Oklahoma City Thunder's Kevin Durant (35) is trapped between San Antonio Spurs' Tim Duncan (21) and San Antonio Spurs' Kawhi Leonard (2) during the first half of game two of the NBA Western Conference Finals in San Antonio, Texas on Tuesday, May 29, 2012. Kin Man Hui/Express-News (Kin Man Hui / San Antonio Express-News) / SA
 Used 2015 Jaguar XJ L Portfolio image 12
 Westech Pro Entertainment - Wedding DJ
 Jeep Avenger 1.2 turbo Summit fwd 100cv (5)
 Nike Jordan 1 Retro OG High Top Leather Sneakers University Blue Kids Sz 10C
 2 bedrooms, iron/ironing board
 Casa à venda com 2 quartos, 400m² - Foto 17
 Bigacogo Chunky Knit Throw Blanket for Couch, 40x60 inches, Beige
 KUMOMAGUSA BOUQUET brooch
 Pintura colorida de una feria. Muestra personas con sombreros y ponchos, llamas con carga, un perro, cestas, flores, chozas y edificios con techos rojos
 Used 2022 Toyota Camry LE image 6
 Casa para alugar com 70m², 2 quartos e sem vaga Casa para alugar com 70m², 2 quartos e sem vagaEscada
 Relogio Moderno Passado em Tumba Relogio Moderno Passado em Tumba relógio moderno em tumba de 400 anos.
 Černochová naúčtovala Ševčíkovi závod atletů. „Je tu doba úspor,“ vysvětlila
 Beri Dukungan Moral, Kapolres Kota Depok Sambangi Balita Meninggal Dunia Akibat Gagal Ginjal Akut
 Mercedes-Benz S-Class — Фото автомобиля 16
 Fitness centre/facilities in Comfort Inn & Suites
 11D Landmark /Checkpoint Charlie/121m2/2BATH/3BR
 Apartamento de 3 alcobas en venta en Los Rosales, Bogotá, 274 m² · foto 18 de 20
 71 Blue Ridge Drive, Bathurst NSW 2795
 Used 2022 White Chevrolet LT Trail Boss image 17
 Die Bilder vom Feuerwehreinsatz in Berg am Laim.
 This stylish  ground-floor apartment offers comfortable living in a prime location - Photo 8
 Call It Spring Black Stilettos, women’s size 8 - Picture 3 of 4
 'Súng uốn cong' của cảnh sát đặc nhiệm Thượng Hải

⁂

• _What you should do_
Lines containing the word "Used" must all be returned from the material above.

• _Exercise output_
 Used 2015 Jaguar XJ L Portfolio image 12
 Used 2022 Toyota Camry LE image 6
 Used 2022 White Chevrolet LT Trail Boss image 17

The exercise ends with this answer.